DETAILED DESCRIPTION OF THE INVENTION

FIG. 1 shows a weaving machine 1 that is used for the manufacture of a fabric 2. To accomplish this, a warp thread bundle 3 is guided to heald shafts 4 by means of a not specifically illustrated warp beam, said heald shafts being disposed to form a shed 5 that is used for the weft input. To do so, respectively a few warp threads 6 of the bundle of warp threads are spread in vertical direction away from the other threads 7 of the warp thread bundle. In FIG. 1, the movement of the heald shafts 4 is indicated by an arrow.

The means that are used for driving the heald shafts are not specifically shown. Likewise, an illustration of the means used for weft input was omitted. In principle, however, all weft input means common in weaving machines may be used such as, for example, weft thread grippers, for example, rod grippers or web grippers, air jets, weaving shuttles or the like. Likewise, in order to form the shed it is possible to use any means suitable for shed formation such as, for example, the heald shafts 4, healds with various end eyelets, Jacquard healds or the like. In the present exemplary embodiment, the heald shafts 4 thus only are meant to illustrate various technical options for designing a means 8 for the formation of the shed 5.

For beating up the weft thread 9 that has been entered into the shed 5 at the fabric binding point or the beat-up edge 10, there is a beat-up means 11 that may be a reed 12, for example.
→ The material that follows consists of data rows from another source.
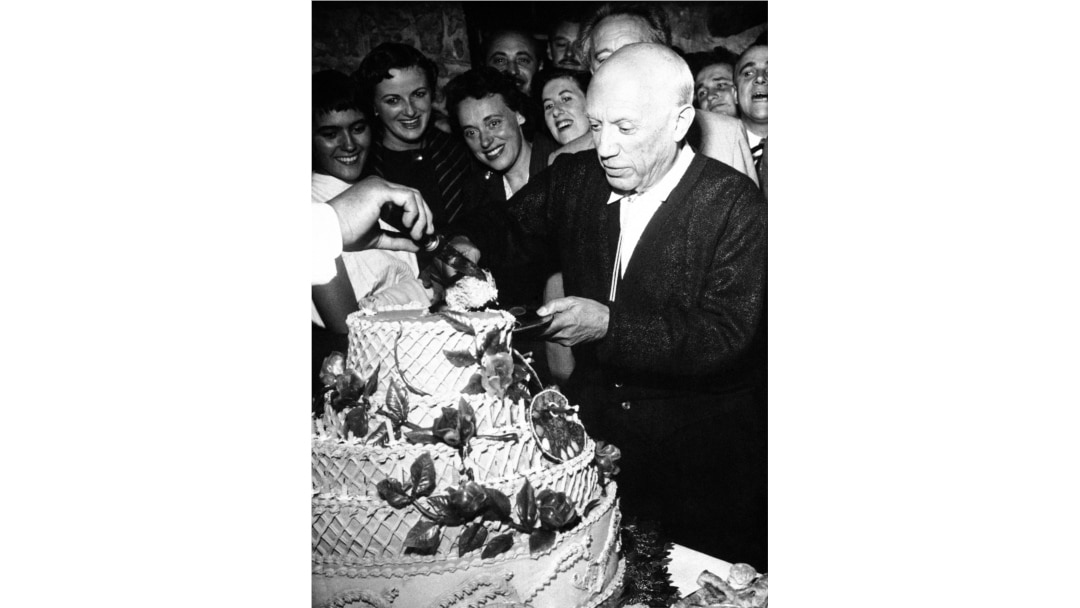 Pablo Picasso, famed Spanish painter, accepts first piece of 67-pound birthday cake as he celebrates his 75th birthday, with a birthday party at Vallauris in southern France on Oct. 24, 1956.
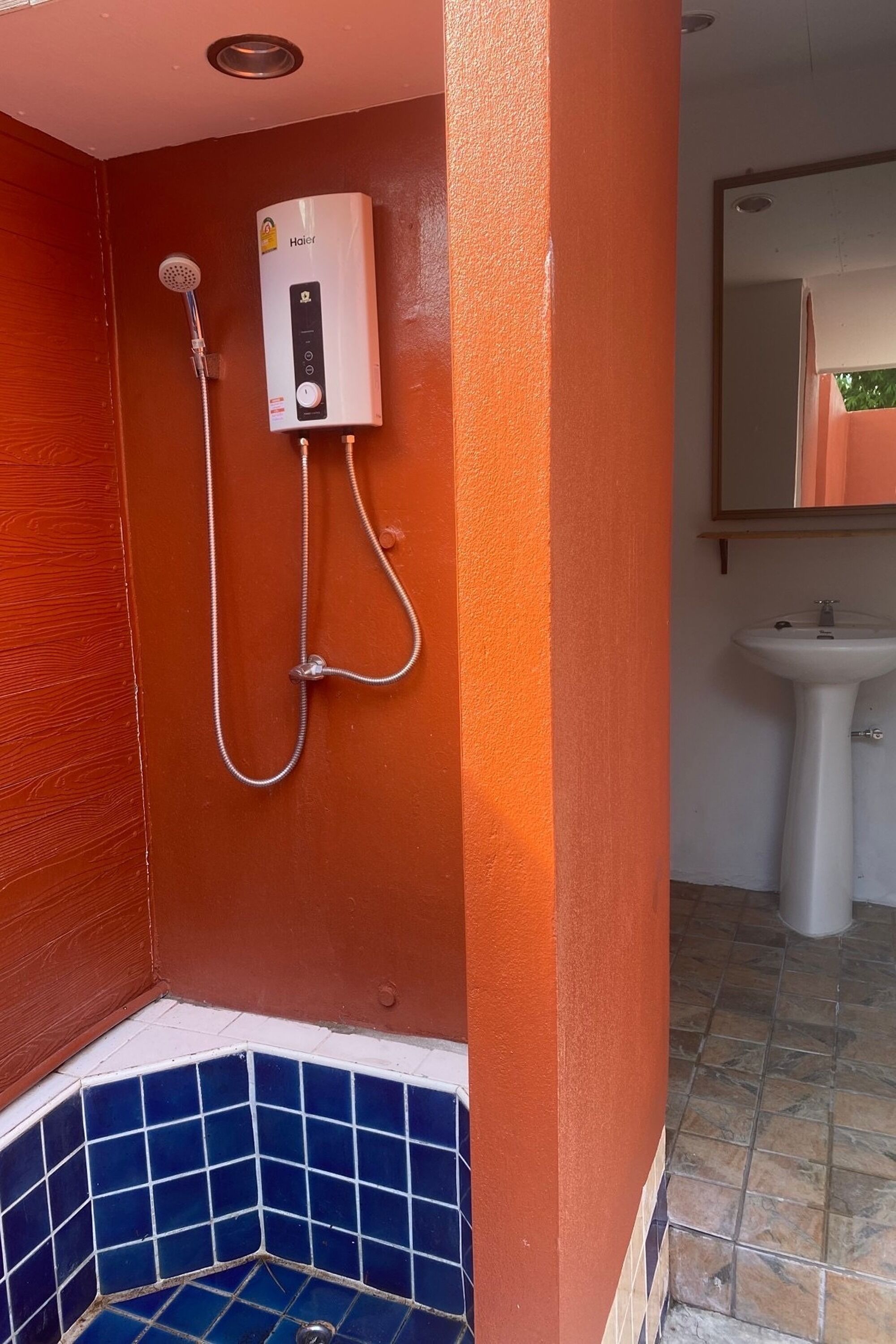 Un baño con cabina de ducha blanca, zona de ducha con azulejos azules y un lavamanos blanco.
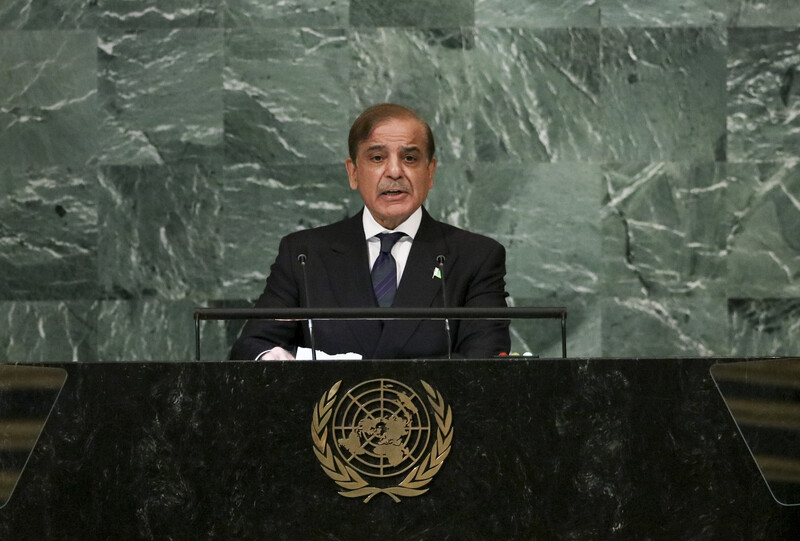 Man stands at a podium with a backdrop of green stone behind him 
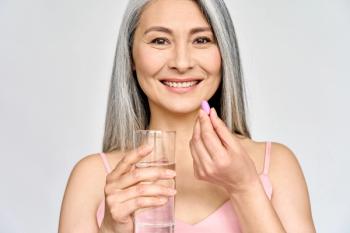 older woman smiling while taking supplement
The latter comprises a large number of individual blades 13 that are also referred to as leaf teeth or reed rods and are held on a batten 14. The blades 13 move into the interstices between the warp threads 6 and the interstices between the warp threads 7 that converge toward the beat-up edge 10. In so doing, the warp threads push the weft thread 9 against the beat-up edge 10 and abut there against said weft thread. The beat-up operation may be performed after each weft input or also after several weft inputs.

Preferably, the batten 14 is supported so as to be pivotable about an axis of rotation 15. The corresponding rockers 6 that connect the batten 14 with the swivel axis 15 are referred to as the “slay sword”.

The batten 14 is driven so as to rock back and forth in a pivoting motion about the axis of rotation 15. The associate driving device 17 is schematically shown by FIG. 1. It is in effective mechanical communication with the rockers 16 and/or the axis of rotation 15. FIG. 1 shows the driving connection in a dashed double line. The driving device 17 may be a servomotor or the like that is provided as the drive for the beat-up means 11. This drive may be independent of the drive of the heald shafts 4 or any potential shed-forming means 8. For example, servomotors that are different but driven synchronously by a common control can be used for driving the shed-forming means 8 and the beat-up means 11. Considering an alternative embodiment, the driving device 17 may also be a central driving device that drives the shed-forming means 8, as well as the beat-up means 11.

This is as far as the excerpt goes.